The report says there are 18 federal programs that spent a combined $62.5 billion in 2008 on food and nutrition assistance, but little is known about the effectiveness of 11 of these programs because they haven't been well studied.
The report took particular aim at government funding for surface transportation, including the building of roads and other projects, which the administration has made a major part of its push to update the country's infrastructure.
The report said five divisions within the Department of Transportation account for 100 different programs that fund things like highways, rail projects and safety programs.
One program that funnels transportation funds to the states "functions as a cash-transfer general-purpose grant program, rather than as a tool for pursuing a cohesive national transportation policy," the report said. Similarly, it chided the government over encouraging federal agencies to purchase plug-in hybrid vehicles while having policies that agencies reduce electricity consumption. It said government agencies have purchased numerous vehicles that run on alternative fuels only to find many gas stations don't sell alternative fuels.
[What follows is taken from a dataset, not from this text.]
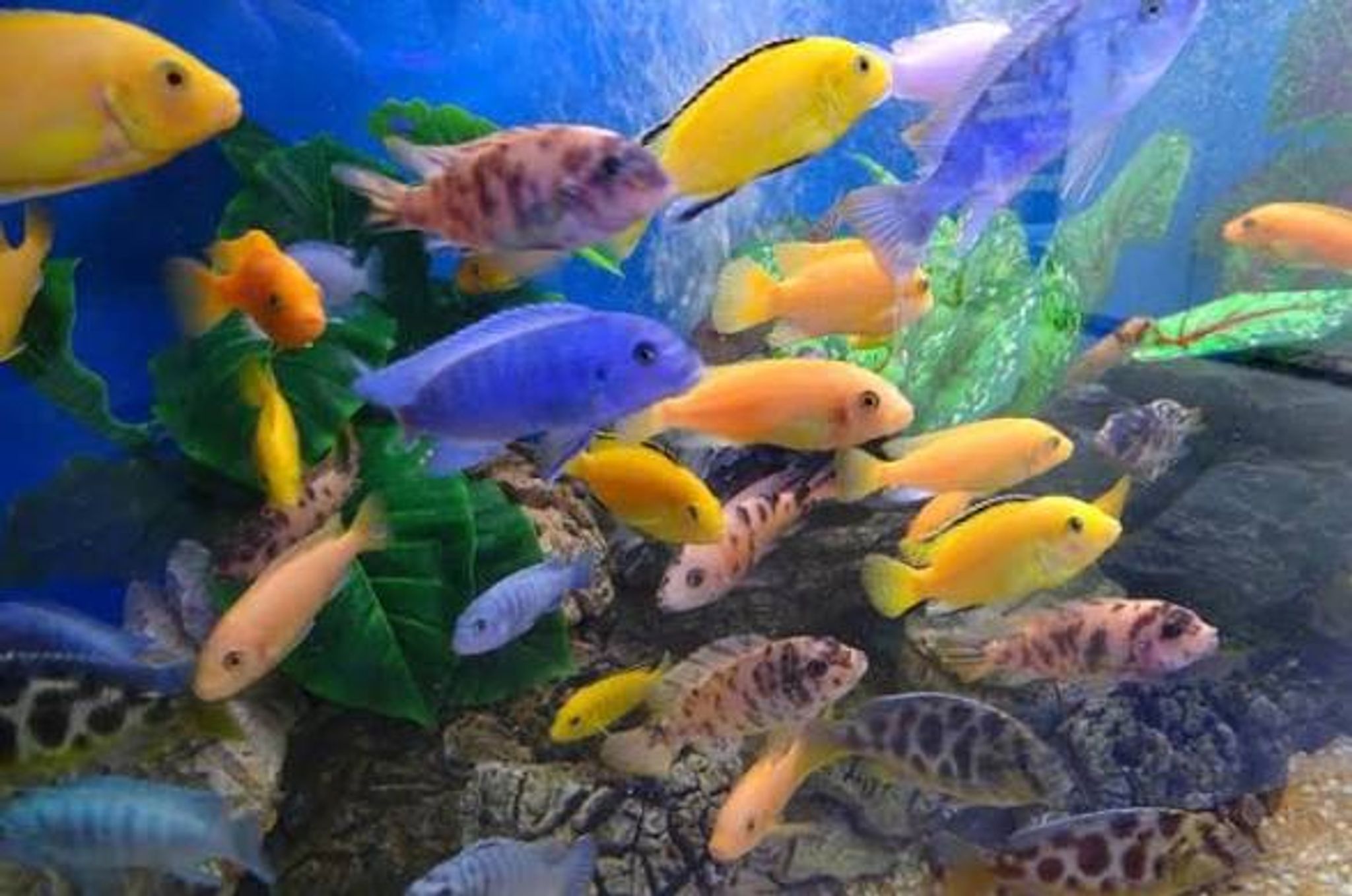 Mixed Cichlids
This has led government agencies to turn around and request waivers so they didn't have to use alternative fuels.
A spokesperson for the Department of Transportation said the president's budget for fiscal year 2012 "proposes to cut waste, inefficiency and bureaucracy by consolidating over 55 separate highway programs into five core programs, and by merging six transit programs into two programs."
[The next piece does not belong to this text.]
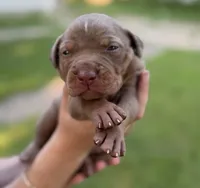 Coyote, a male Catahoula Leopard Dog for sale in Bushnell, IL – 4 of 5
On teacher quality, the report identified 82 programs that often have similar descriptions and goals and are spread across 10 federal agencies, including the Department of Education, the Department of Energy and the National Aeronautics and Space Administration. Nine of these programs are linked to science, technology, engineering and mathematics. Fifty-three of the programs are relatively small, receiving $50 million or less, "and many have their own separate administrative processes."
The GAO highlighted 80 different economic development programs at the Department of Commerce, HUD, Department of Agriculture and Small Business Administration, that spent a combined $6.5 billion last year and often overlapped. For example, the four agencies combined to have 52 different programs that fund "entrepreneurial efforts," 35 programs for infrastructure, and 26 programs for telecommunications. It said 60% of the programs fund only one or two activities, making them "the most likely to overlap because many of them can only fund the same limited types of activities."
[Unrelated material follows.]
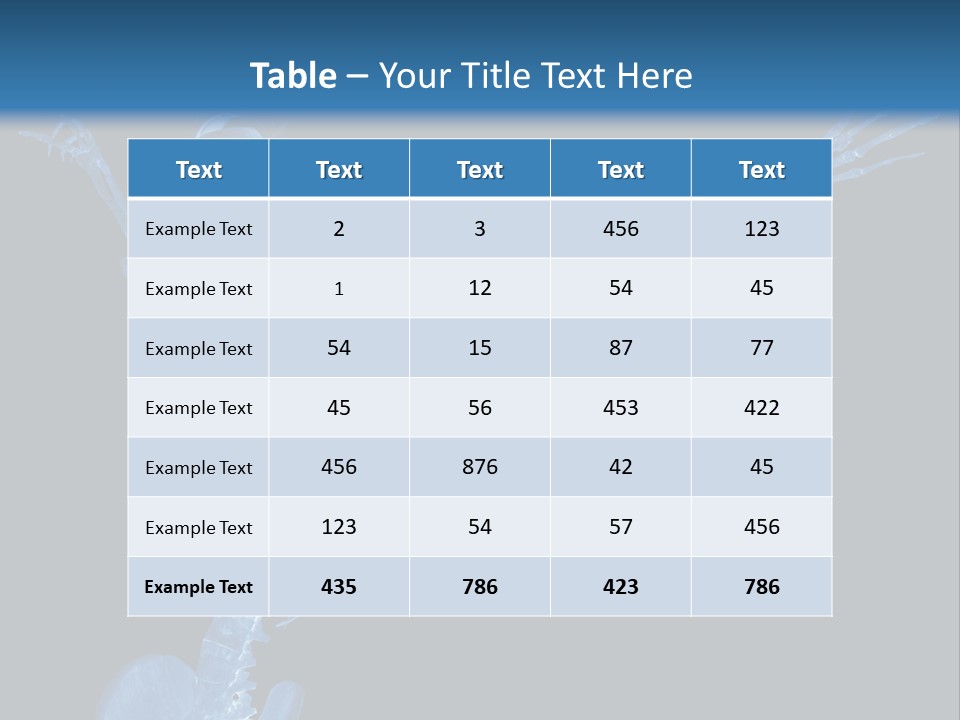 Torso Health Biology PowerPoint Template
The report took aim at several military programs, which could prove thorny because many lawmakers from both parties are wary to cut defense spending. It said there were 130,000 military and government medical professionals, 59 Defense Department hospitals and hundreds of clinics that could benefit from consolidating administrative, management and clinical functions.
For example, it said the government "may have developed duplicate" programs to counter improvised explosive devices, with the Marine Corps and the Army paying to develop similar "mine rollers." The Marine mine roller costs $85,000, and the Army mine roller costs $77,000 to $225,000. "Officials disagree about which system is most effective, and [the Pentagon] has not conducted comparative testing and evaluation of the two systems," the report said. The Pentagon didn't immediately respond to a request for comment.
The GAO study was required by a provision inserted by Sen. Coburn into a law that raised the federal borrowing limit last year. This report is the first produced in response to the provision.